**Exercise brief**: Repeat precisely the line in which "手自信的白人年轻人戴着圣诞帽 打着领带 看着摄像机" occurs and all lines that follow it in the entries below. Pictures must be omitted.

Data for the task START

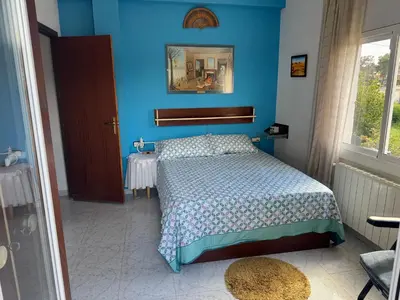 a blue bedroom with a bed and a mirror at Villa Maria Mercedes in Olesa de Bonesvalls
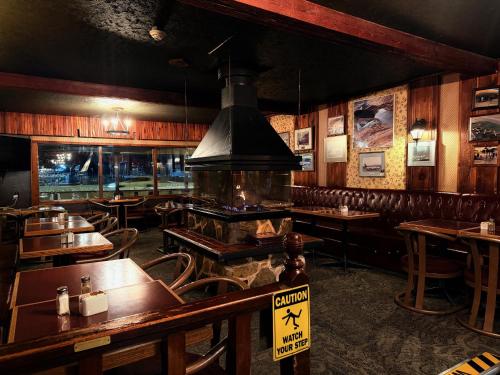 a restaurant with wooden tables and chairs in a room at Airport Chalet in Whitehorse
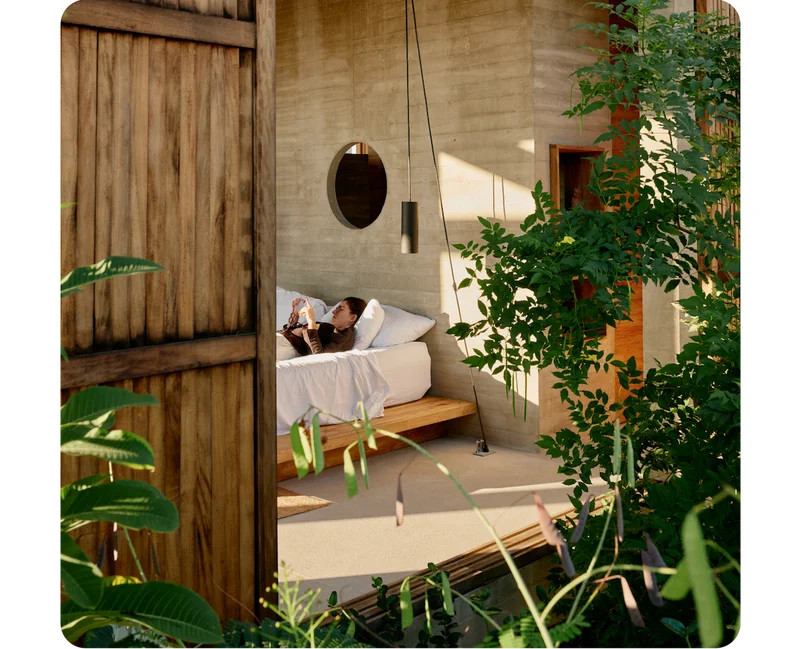 Two large, wood-slatted windows open to reveal a modern, concrete interior. A person lying on a platform bed with white linens watches their phone as daylight spills in from an unseen source. Greenery surrounds the space outside.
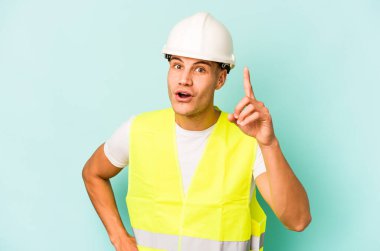 Kafkasyalı genç işçi mavi arka planda izole edilmiş. Bir fikri var, ilham verici bir kavram..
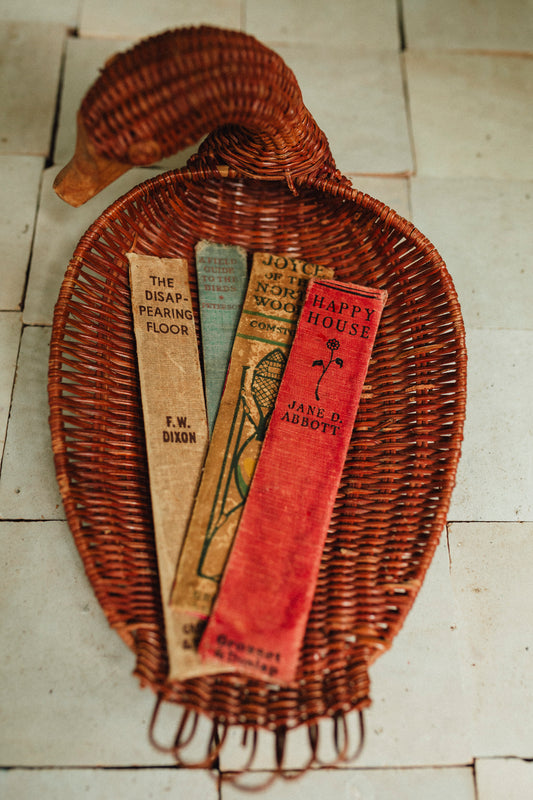 A decorative woven rattan tray shaped like a duck, holding three vintage book spines on a light tile floor.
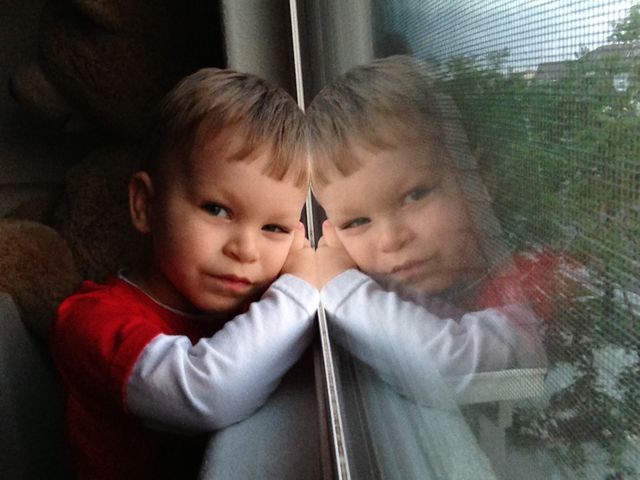 Boy waiting on mom 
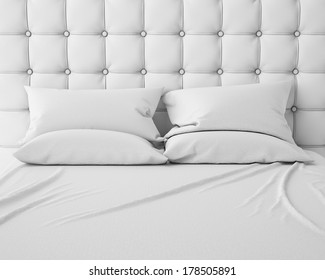 empty white bed and pillows with luxury headboard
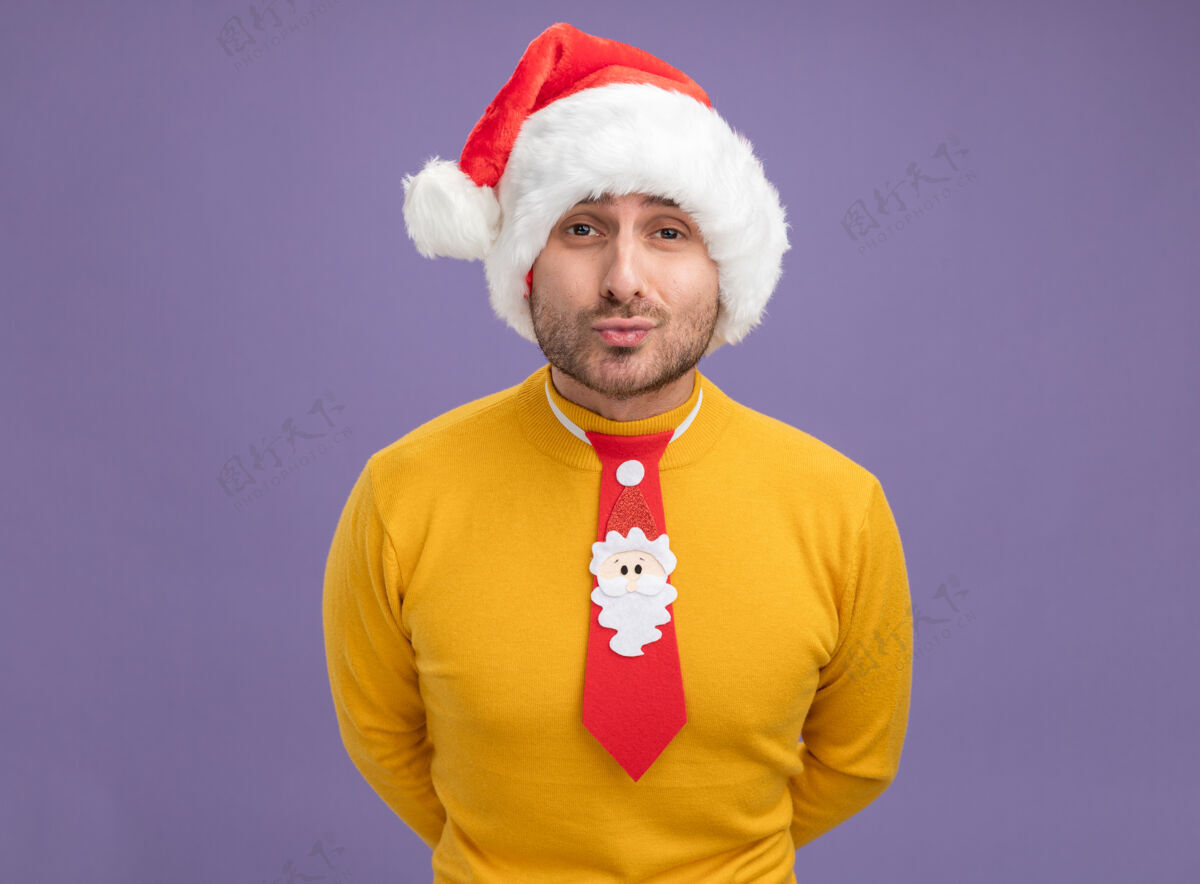 手自信的白人年轻人戴着圣诞帽 打着领带 看着摄像机 双手放在背后 做着亲吻的手势 紫色背景上 有着独立的复制空间领带亲吻看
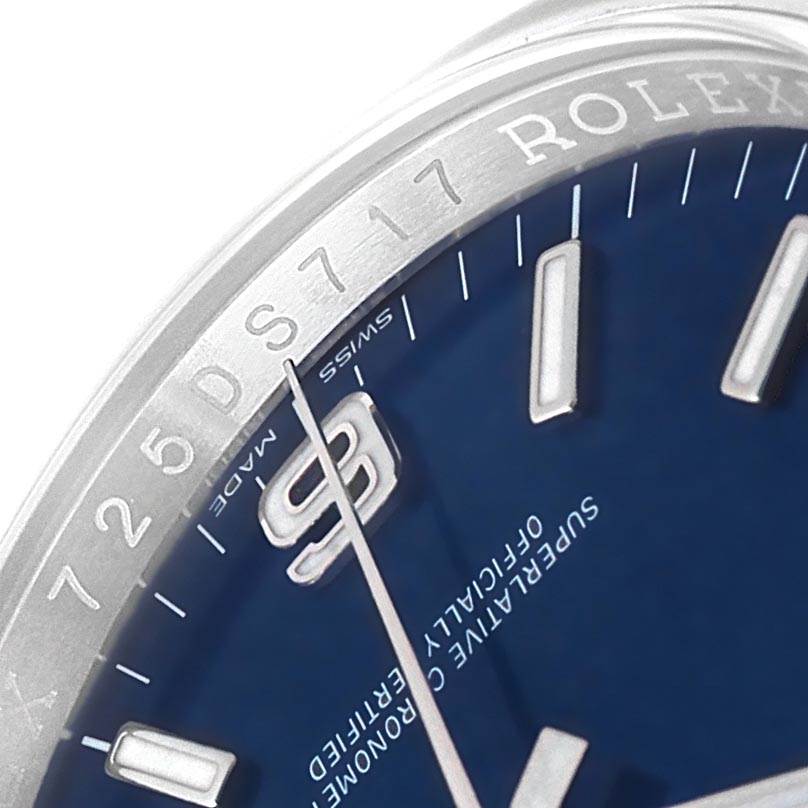 This close-up angle of the Rolex Oyster Perpetual 116000 Men
s Stainless Steel Blue Dial 116000 Men
s Stainless Steel Blue Dial watch shows part of the dial, bezel, and hands.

Data for the task END

**Response below**:
 手自信的白人年轻人戴着圣诞帽 打着领带 看着摄像机 双手放在背后 做着亲吻的手势 紫色背景上 有着独立的复制空间领带亲吻看
 This close-up angle of the Rolex Oyster Perpetual 116000 Men
s Stainless Steel Blue Dial 116000 Men
s Stainless Steel Blue Dial watch shows part of the dial, bezel, and hands.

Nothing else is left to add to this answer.